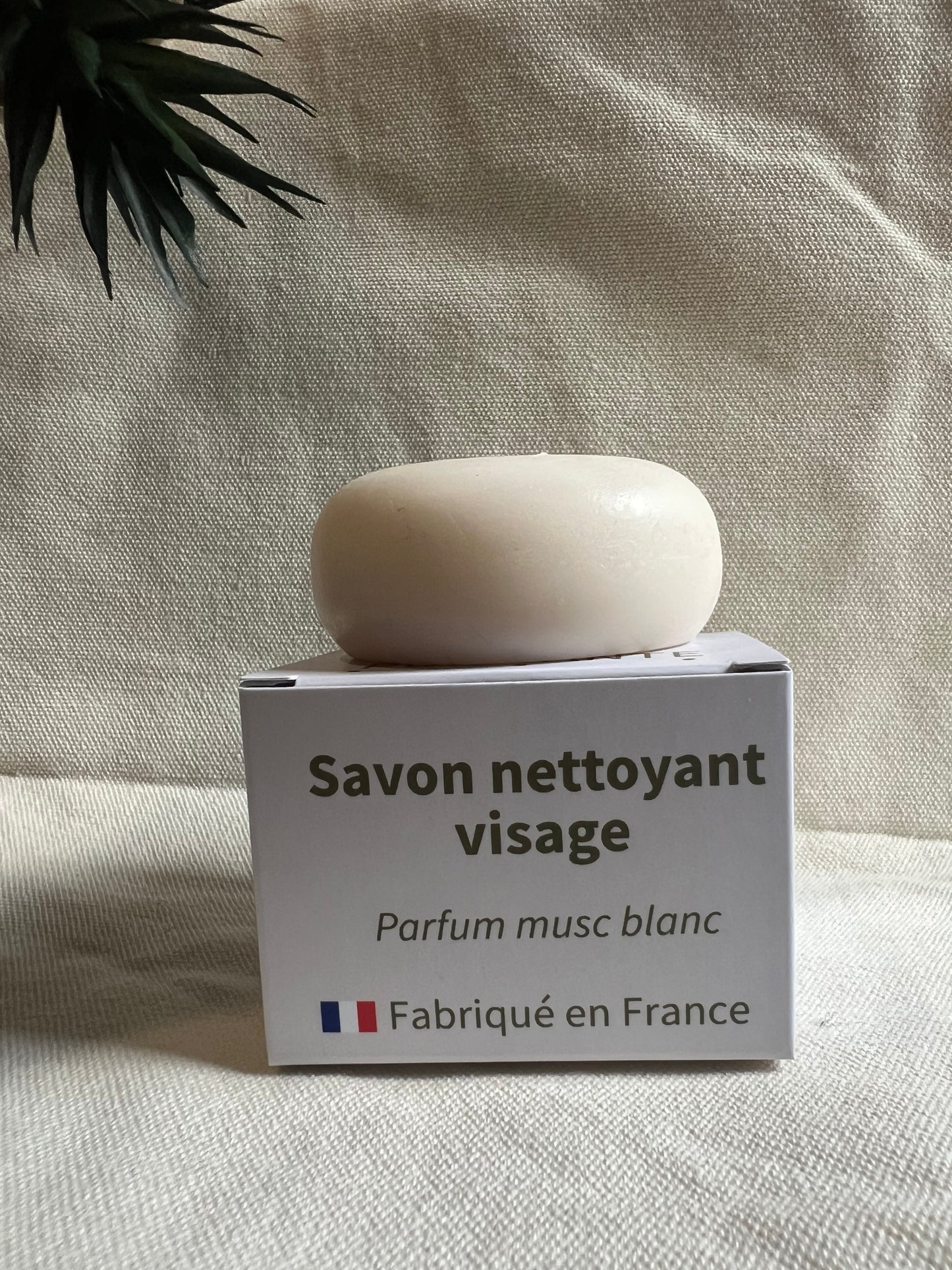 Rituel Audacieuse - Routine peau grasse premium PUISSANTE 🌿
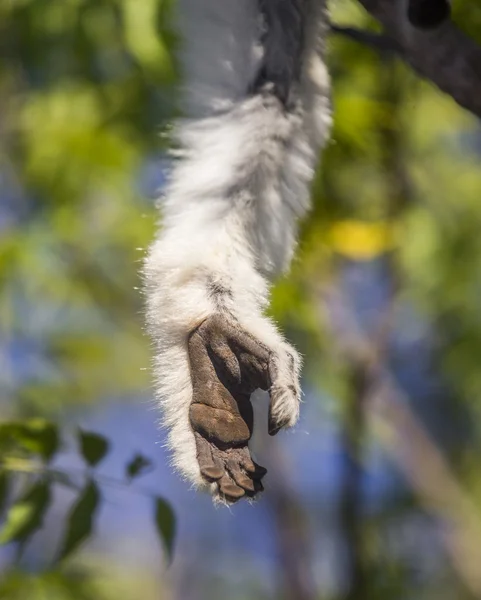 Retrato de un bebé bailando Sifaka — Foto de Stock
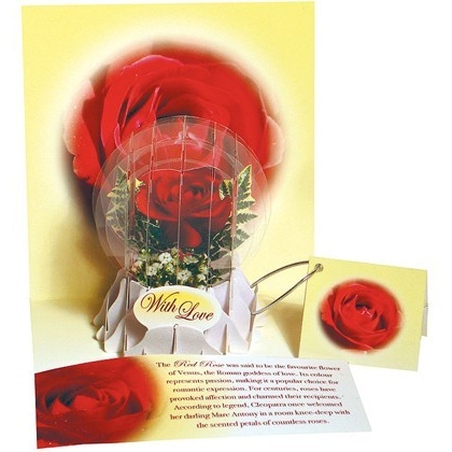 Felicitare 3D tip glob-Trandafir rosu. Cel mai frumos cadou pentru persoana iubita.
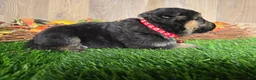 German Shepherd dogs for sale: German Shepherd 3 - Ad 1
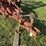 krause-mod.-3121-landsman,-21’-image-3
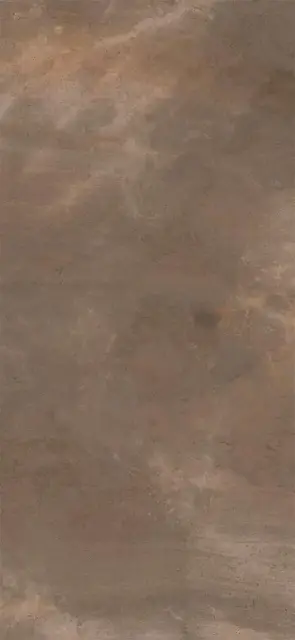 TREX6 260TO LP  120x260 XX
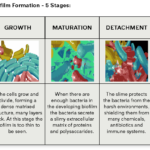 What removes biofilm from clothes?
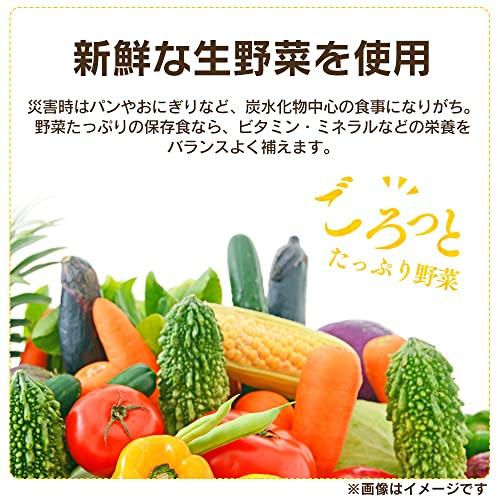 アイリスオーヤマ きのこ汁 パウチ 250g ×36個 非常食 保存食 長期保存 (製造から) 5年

________

WORK TO COMPLETE
In the copy, include all records verbatim but no images.

RESPONSE
 Rituel Audacieuse - Routine peau grasse premium PUISSANTE 🌿
 Retrato de un bebé bailando Sifaka — Foto de Stock
 Felicitare 3D tip glob-Trandafir rosu. Cel mai frumos cadou pentru persoana iubita.
 German Shepherd dogs for sale: German Shepherd 3 - Ad 1
 krause-mod.-3121-landsman,-21’-image-3
 TREX6 260TO LP  120x260 XX
 What removes biofilm from clothes?
 アイリスオーヤマ きのこ汁 パウチ 250g ×36個 非常食 保存食 長期保存 (製造から) 5年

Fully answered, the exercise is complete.